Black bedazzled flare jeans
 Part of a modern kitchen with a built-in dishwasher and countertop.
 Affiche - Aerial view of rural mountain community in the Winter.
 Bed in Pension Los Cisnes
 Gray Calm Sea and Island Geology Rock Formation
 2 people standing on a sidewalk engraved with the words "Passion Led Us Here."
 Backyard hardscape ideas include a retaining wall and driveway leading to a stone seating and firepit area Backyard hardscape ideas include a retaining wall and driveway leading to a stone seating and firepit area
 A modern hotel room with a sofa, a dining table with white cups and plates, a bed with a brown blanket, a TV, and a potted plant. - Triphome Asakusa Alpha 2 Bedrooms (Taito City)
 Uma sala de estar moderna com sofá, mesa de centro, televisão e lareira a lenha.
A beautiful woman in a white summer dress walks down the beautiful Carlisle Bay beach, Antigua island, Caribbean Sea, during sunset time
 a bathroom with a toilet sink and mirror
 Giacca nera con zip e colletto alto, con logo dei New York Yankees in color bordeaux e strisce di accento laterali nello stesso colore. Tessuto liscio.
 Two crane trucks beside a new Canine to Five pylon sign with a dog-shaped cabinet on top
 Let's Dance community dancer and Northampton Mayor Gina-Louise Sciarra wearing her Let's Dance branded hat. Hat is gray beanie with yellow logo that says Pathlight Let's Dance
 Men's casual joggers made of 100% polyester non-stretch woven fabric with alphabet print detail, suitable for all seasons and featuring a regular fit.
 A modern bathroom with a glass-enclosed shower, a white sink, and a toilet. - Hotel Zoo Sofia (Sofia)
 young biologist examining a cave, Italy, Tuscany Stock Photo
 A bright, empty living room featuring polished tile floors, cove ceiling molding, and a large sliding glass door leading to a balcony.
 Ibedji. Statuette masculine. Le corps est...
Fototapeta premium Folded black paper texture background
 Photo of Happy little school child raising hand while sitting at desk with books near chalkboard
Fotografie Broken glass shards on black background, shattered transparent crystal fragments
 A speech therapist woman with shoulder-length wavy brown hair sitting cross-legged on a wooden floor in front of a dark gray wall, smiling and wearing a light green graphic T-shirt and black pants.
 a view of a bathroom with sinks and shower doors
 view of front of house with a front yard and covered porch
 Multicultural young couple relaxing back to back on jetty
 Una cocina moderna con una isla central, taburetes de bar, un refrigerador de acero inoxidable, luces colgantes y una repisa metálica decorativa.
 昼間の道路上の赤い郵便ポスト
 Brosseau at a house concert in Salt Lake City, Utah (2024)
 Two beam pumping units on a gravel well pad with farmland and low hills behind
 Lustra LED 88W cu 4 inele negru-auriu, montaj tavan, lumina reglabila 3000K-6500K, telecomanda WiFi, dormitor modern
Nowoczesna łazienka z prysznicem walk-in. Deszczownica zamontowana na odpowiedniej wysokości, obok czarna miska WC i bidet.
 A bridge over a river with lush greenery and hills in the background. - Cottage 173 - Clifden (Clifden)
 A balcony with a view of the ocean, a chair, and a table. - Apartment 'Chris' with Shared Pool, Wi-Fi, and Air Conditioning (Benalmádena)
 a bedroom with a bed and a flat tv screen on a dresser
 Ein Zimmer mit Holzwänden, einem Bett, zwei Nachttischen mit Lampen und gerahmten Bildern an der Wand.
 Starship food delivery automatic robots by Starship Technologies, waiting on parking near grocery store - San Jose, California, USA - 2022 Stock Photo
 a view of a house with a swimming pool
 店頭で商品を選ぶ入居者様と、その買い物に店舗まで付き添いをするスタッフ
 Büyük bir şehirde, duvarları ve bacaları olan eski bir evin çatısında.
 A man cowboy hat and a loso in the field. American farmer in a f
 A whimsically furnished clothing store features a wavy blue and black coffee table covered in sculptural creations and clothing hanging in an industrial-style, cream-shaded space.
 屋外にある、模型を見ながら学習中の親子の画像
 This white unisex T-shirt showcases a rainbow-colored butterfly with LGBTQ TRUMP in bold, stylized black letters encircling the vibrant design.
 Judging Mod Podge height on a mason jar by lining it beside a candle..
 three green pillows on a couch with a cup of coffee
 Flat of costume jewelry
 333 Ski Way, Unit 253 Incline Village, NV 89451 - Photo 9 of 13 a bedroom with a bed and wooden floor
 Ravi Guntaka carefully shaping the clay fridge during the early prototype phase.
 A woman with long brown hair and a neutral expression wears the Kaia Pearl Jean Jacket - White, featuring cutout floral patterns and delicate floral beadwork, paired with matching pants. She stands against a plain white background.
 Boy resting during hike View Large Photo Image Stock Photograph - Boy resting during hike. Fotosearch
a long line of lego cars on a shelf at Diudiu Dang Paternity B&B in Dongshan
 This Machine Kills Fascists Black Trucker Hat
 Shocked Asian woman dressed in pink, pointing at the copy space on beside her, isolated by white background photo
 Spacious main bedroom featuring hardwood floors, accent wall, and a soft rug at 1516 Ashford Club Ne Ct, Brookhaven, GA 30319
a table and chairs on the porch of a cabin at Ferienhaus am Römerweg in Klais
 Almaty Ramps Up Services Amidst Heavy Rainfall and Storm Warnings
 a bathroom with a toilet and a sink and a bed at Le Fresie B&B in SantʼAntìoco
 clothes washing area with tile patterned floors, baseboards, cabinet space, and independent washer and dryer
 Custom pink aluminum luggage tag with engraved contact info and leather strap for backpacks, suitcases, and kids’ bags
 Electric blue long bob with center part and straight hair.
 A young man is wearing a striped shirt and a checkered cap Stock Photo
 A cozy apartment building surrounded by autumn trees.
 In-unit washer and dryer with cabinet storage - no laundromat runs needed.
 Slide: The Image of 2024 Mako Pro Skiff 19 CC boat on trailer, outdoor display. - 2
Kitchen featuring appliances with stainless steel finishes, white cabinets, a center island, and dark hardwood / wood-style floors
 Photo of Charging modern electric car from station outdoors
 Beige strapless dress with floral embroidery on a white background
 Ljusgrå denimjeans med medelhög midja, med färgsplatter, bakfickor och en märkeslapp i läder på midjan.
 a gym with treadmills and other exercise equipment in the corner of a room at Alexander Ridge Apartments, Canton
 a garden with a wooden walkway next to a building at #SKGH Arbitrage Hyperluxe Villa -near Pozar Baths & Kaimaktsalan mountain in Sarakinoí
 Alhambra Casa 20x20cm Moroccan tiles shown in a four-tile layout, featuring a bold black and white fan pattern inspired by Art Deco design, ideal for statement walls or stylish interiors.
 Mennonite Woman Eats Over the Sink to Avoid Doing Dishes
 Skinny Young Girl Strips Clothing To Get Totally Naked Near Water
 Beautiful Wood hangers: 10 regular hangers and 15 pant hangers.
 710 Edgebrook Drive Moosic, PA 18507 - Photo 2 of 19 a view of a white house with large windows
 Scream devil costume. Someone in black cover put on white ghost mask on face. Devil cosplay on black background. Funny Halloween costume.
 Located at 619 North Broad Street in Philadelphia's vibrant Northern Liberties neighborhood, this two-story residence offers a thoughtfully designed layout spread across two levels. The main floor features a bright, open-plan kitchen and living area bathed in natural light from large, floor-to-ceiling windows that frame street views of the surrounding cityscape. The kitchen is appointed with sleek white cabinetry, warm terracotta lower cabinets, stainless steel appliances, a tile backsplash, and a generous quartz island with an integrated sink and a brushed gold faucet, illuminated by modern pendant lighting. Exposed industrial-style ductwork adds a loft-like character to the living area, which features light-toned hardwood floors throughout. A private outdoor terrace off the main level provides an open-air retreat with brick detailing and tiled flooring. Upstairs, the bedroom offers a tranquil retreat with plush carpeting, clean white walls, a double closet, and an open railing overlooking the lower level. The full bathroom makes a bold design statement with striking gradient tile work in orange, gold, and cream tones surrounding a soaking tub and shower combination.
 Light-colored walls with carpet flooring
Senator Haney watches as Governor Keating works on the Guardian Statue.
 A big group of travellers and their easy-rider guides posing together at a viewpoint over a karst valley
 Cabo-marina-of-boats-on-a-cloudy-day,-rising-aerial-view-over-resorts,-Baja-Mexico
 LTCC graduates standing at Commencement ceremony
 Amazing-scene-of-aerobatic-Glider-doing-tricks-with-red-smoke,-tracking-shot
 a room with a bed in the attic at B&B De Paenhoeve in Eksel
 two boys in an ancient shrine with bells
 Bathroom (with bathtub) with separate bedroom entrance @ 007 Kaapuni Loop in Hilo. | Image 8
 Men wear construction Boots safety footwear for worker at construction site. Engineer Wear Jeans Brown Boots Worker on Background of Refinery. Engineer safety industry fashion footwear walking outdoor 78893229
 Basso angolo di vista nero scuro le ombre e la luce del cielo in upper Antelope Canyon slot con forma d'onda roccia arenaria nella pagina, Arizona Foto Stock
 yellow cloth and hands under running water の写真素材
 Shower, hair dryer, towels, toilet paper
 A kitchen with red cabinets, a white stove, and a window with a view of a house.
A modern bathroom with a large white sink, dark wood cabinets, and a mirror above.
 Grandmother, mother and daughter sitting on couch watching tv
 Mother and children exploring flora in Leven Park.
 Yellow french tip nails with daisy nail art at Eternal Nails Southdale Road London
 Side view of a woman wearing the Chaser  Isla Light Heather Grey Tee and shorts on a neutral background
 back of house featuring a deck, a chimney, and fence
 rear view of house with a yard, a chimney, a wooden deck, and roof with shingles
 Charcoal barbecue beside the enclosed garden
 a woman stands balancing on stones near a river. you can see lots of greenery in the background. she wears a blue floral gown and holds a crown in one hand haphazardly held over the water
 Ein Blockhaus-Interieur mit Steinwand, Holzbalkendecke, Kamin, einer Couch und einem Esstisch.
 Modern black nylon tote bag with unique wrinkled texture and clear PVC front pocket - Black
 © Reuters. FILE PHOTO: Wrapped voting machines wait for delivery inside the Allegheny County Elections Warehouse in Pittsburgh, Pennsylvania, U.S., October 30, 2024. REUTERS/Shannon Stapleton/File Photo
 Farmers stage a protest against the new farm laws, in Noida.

....................

Write down, word for word, the lines above from the one containing "屋外にある、模型を見ながら学習中の親子の画像" through the one containing "A woman with", both ends included.

 屋外にある、模型を見ながら学習中の親子の画像
 This white unisex T-shirt showcases a rainbow-colored butterfly with LGBTQ TRUMP in bold, stylized black letters encircling the vibrant design.
 Judging Mod Podge height on a mason jar by lining it beside a candle..
 three green pillows on a couch with a cup of coffee
 Flat of costume jewelry
 333 Ski Way, Unit 253 Incline Village, NV 89451 - Photo 9 of 13 a bedroom with a bed and wooden floor
 Ravi Guntaka carefully shaping the clay fridge during the early prototype phase.
 A woman with long brown hair and a neutral expression wears the Kaia Pearl Jean Jacket - White, featuring cutout floral patterns and delicate floral beadwork, paired with matching pants. She stands against a plain white background.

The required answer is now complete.